⟨

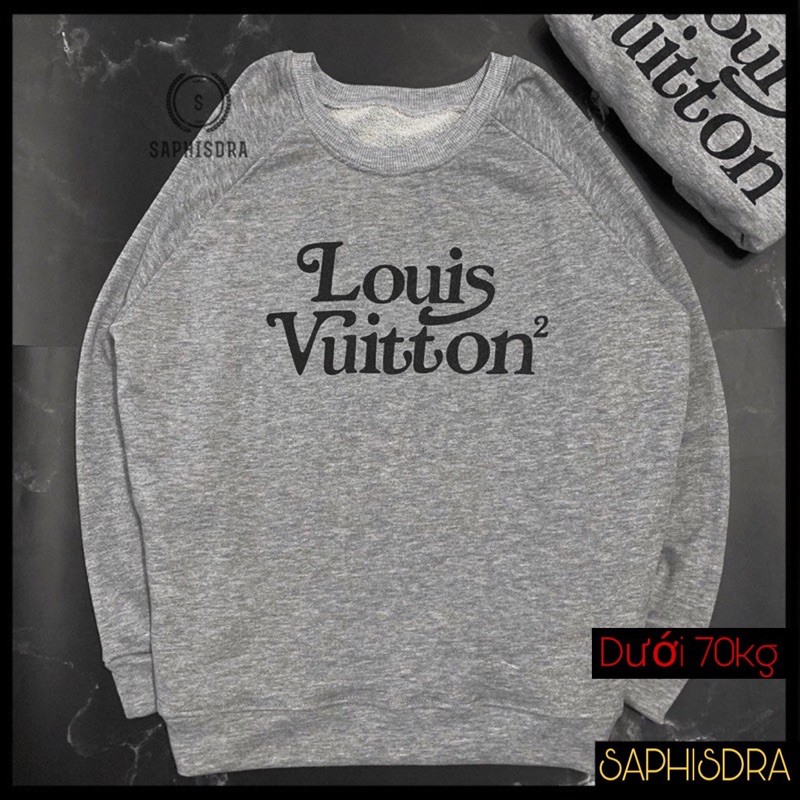 Áo Thun Sweater Tay Dài Cặp Đôi Nam Nữ Unisex Cao Cấp Áo Sweater Áo Phông Louis Vuitton Nam Nữ Form Rộng - Saphisdra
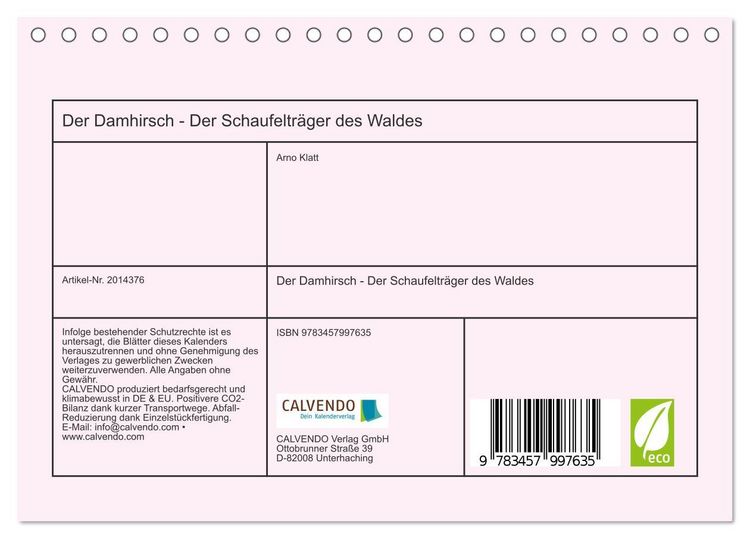 Produktbild: Der Damhirsch - Der Schaufeltr&auml;ger des Waldes (Tischkalender 2026 DIN A5 quer), CALVENDO Monatskalender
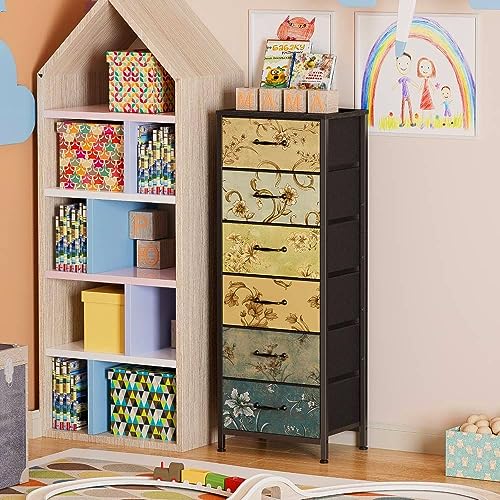 Vintage 6-Drawer Tall Dresser with Fabric Bins
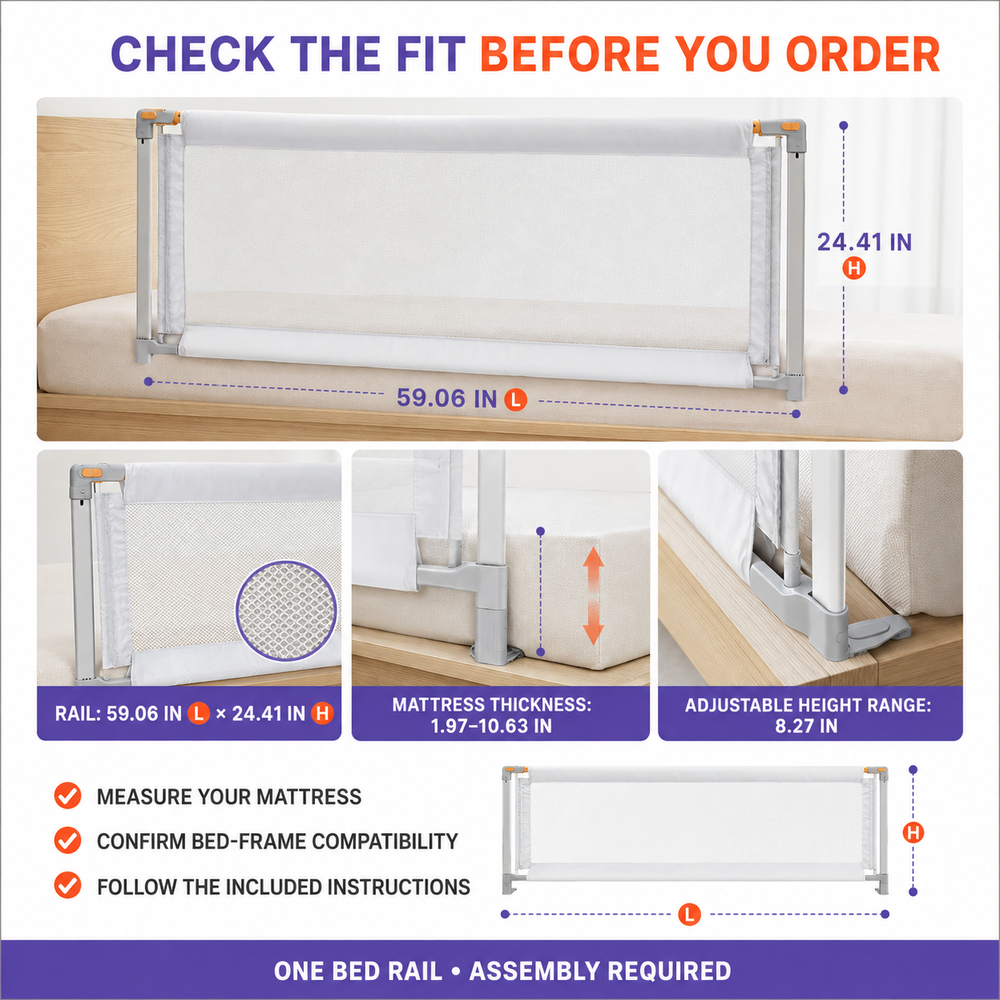 Measure the mattress and bed frame first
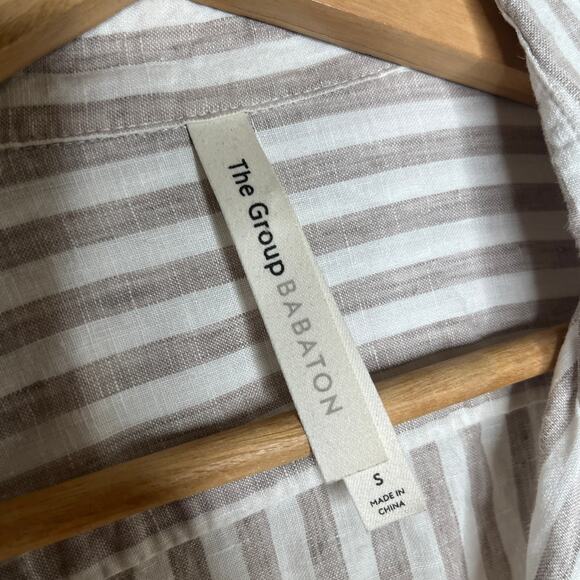 Babaton Women’s Linen Striped Button Down Shirt White Tan Long Sleeve Size Small - Picture 3 of 5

⟩

> [Work request]:
Your answer must be the lines from the one containing "Produktbild: Der Damhirsch" through the last line of the records, both included, written out exactly and without pictures.

> [Result of this exercise]:
 Produktbild: Der Damhirsch - Der Schaufeltr&auml;ger des Waldes (Tischkalender 2026 DIN A5 quer), CALVENDO Monatskalender
 Vintage 6-Drawer Tall Dresser with Fabric Bins
 Measure the mattress and bed frame first
 Babaton Women’s Linen Striped Button Down Shirt White Tan Long Sleeve Size Small - Picture 3 of 5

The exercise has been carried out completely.